On Wed, Nov 05, 2003 at 03:38:37PM +0800, Joel de Guzman wrote:
> I tried to replace this with Brian's code, but the regression tests
> failed. Why? Because [where o is an optional<T> and v is a T ] *o = v
> only works when o is initialized, while o = v works even if o is
> uninitialized. IOTW, I need this to work:
> match<int> m; // unitialized
> m.value(3); // initializes m
> So, Brian, to answer your question "So does my code above work for
> you?", well, unfortunately, not. I am now inclined to believe that,
> indeed, "If it ain't broke, don't fix it". However, in this case, "it"
> means ***the tried and true C++ reference semantics***.
> Thoughts?

I am a little unclear about the semantics of match, so I need to ask
some more questions to try to understand it. Your original use case was

> match<T> m(i);
> m.value(x); // ok, set the attribute to x
> match<T&> m(r);
> m.value(x); // NO, please don't reset the reference, that's not
> // what I want! references should only be set
> // *at construction time*. I want the thing referenced
> // by r set to x.

and so I didn't realize that match could also have a default
constructor and hence I didn't forsee this problem.

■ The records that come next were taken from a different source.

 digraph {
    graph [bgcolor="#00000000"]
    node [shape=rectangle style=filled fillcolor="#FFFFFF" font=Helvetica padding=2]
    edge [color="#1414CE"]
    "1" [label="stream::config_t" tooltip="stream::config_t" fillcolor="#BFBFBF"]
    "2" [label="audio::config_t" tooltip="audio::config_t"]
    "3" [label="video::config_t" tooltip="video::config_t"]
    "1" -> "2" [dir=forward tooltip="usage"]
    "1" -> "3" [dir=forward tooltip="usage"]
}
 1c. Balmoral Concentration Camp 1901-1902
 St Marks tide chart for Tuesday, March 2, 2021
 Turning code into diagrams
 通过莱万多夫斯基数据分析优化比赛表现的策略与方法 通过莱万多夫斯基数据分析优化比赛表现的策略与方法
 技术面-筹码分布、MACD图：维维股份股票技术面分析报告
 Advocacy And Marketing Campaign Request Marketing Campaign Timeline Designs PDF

So we need to also add this use case, I guess:

> match<int> m; // unitialized
> m.value(3); // initializes m

Is this:

> match<int&> m; // unitialized
> m.value(3); // initializes m

also supposed to be legal? I am guessing no, (for the same reason that
you can't say "int& x;") but I am not sure.

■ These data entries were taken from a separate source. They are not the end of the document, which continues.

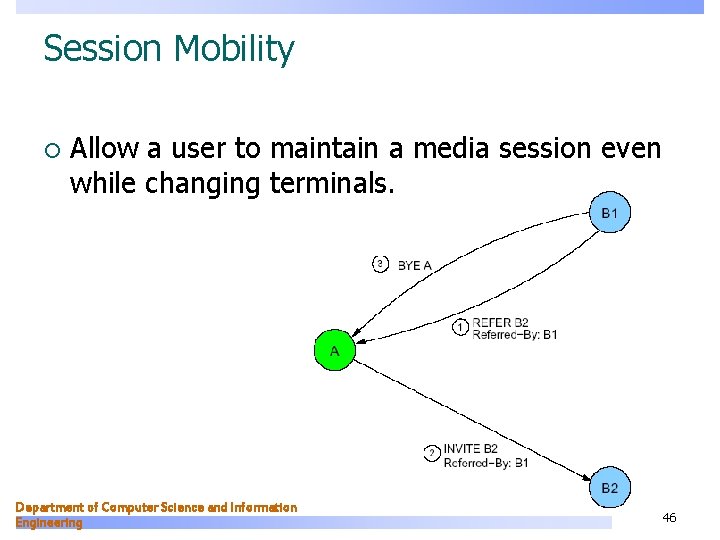 Session Mobility ¡ Allow a user to maintain a media session even while changing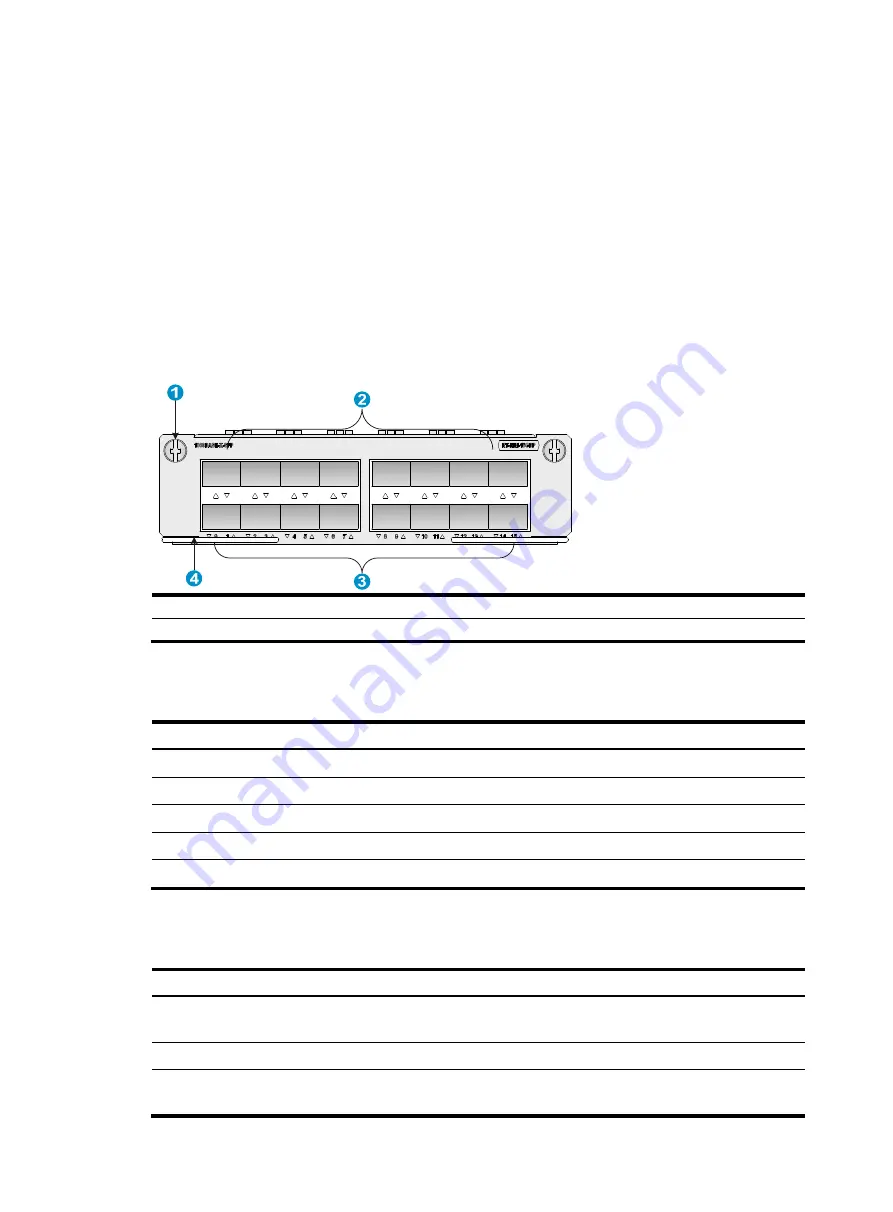 H3C SR6600 SPE-FWM Manual Download Page 32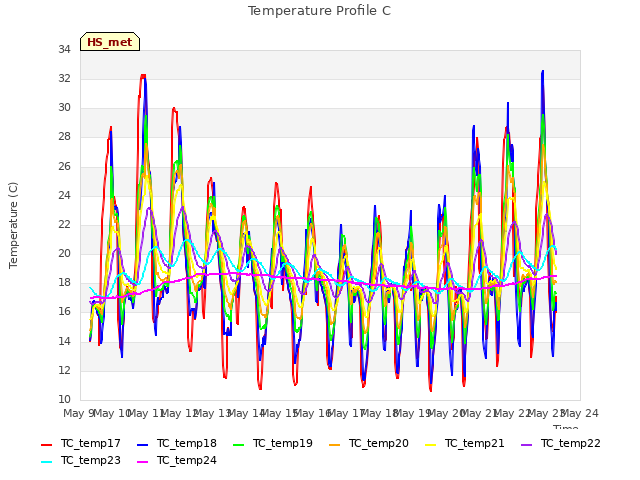 plot of Temperature Profile C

Who actually creates match objects? The parser? When is the default
constructor called? (Maybe when a parse fails, but we still need to
return a match object?) When is the non-default constructor called?
(Maybe when the parse succeeds?)

When is the value(x) method called? (I have no clue here.) What is
its semantics supposed to be? Does it convert an "empty" match into a
"full" one? Or does it just change/update the value of a "full"
match? Or both?

(I have been trying to look through the Spirit code in Boost to see if I
can figure out answers to this myself, but I've been unsuccessful. I
found the match class, but I can't seem to find anywhere that someone
constructs an instance of the match class. Clearly I'm looking in the
wrong places. :) )

-Brian McNamara (lorgon_at_[hidden])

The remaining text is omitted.